* **THE PROBLEM**: The answer is all of the data repeated exactly, with each picture omitted.
╭─ INPUT
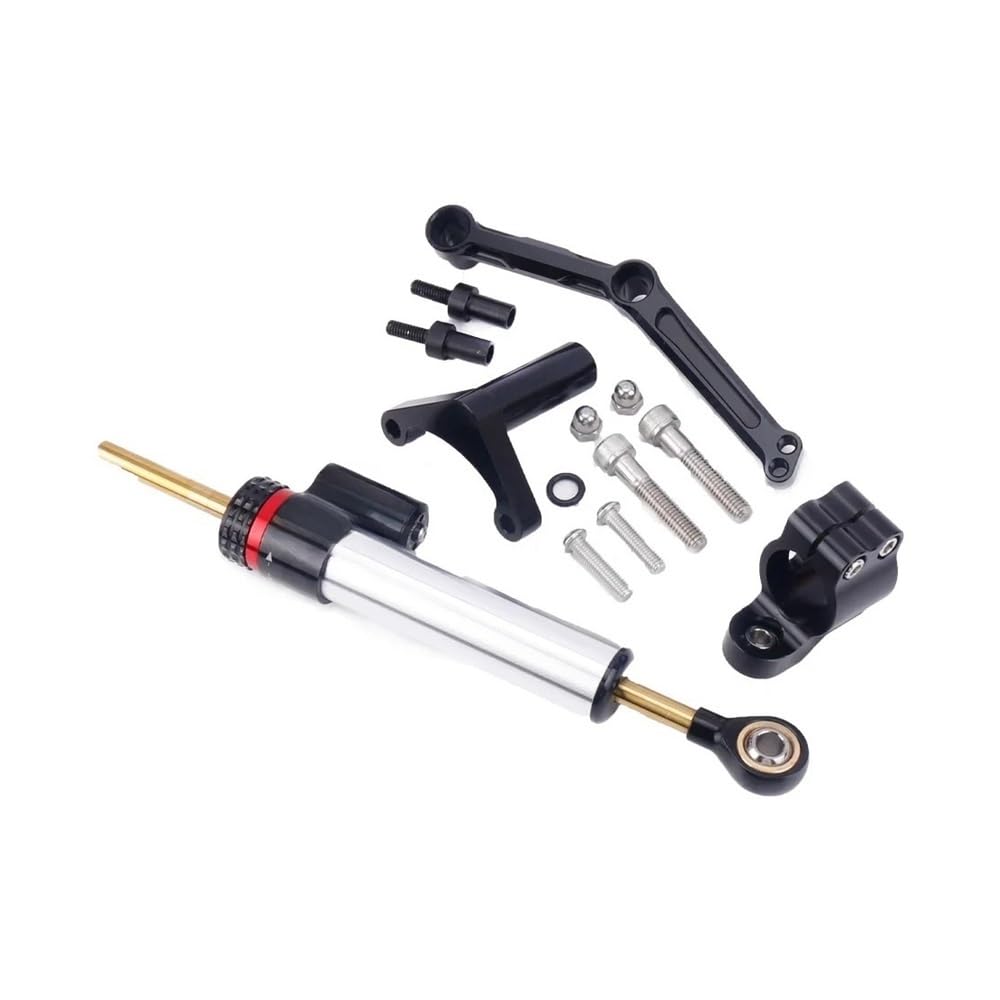 X Psblty Set 1 Stabilizer Level Damping Motorcycle Steering Damper Stabilizer Bracket Full För För Monster 1200S 2014-2021 Motorbike Accessories(Set 1)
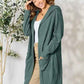 Basic Bae Ribbed Open Front Cardigan Long Sleeve - Full Size Fashion Essential - MegaSuperStar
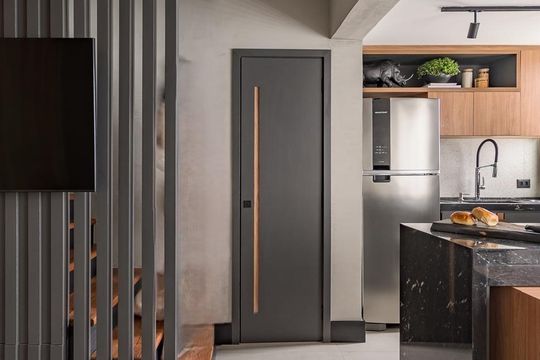 Sala de apartamento para alugar com 1 quarto, 55m² em Santo Amaro, São Paulo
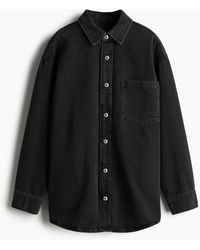 H&M - Chemise Oversize En Denim Feather Soft - Lyst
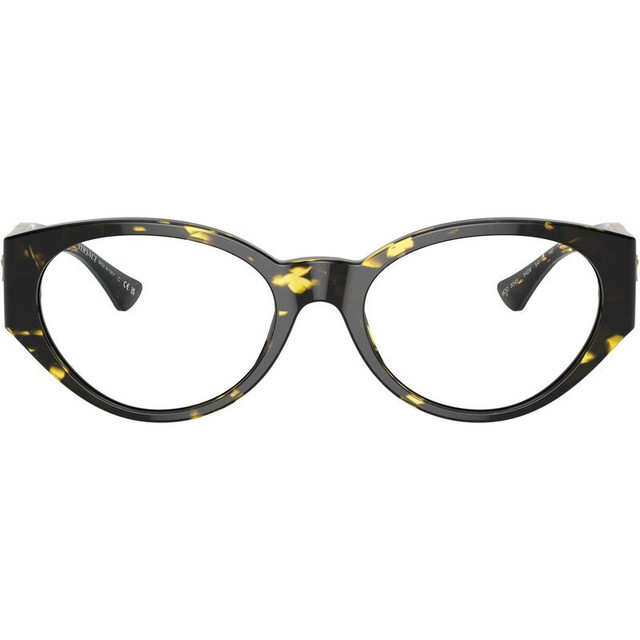 Versace Glasses VE3345 - Havana/Clear Lenses 54 Eye Size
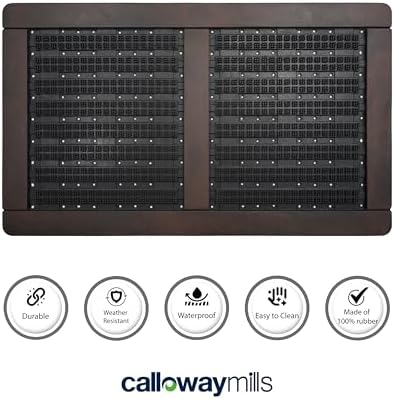 Calloway Mills Rubber Doormat 18 ''x 30'' - Image 4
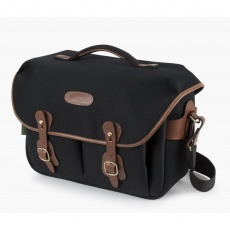 Billingham Hadley One Shoulder Bag, Black Canvas-Tan Trim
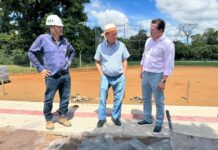 Dorner vistoria obras no entorno do Parque Florestal de Sinop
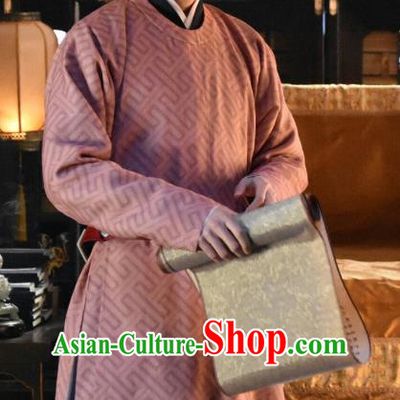 Chinese Ancient Hanfu Garment Apparels Drama Serenade of Peaceful Joy Song Dynasty Emperor Zhao Zhen Historical Costumes and Headwear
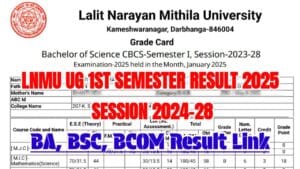 LNMU UG 1st Semester Result 2024-28
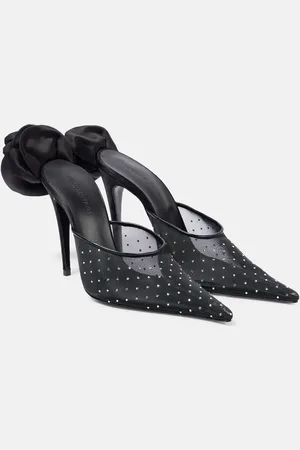 MAGDA BUTRYM Mules aus Mesh mit Kristallen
╰─
* **WRITTEN REPLY**:
 X Psblty Set 1 Stabilizer Level Damping Motorcycle Steering Damper Stabilizer Bracket Full För För Monster 1200S 2014-2021 Motorbike Accessories(Set 1)
 Basic Bae Ribbed Open Front Cardigan Long Sleeve - Full Size Fashion Essential - MegaSuperStar
 Sala de apartamento para alugar com 1 quarto, 55m² em Santo Amaro, São Paulo
 H&M - Chemise Oversize En Denim Feather Soft - Lyst
 Versace Glasses VE3345 - Havana/Clear Lenses 54 Eye Size
 Calloway Mills Rubber Doormat 18 ''x 30'' - Image 4
 Billingham Hadley One Shoulder Bag, Black Canvas-Tan Trim
 Dorner vistoria obras no entorno do Parque Florestal de Sinop
 Chinese Ancient Hanfu Garment Apparels Drama Serenade of Peaceful Joy Song Dynasty Emperor Zhao Zhen Historical Costumes and Headwear
 LNMU UG 1st Semester Result 2024-28
 MAGDA BUTRYM Mules aus Mesh mit Kristallen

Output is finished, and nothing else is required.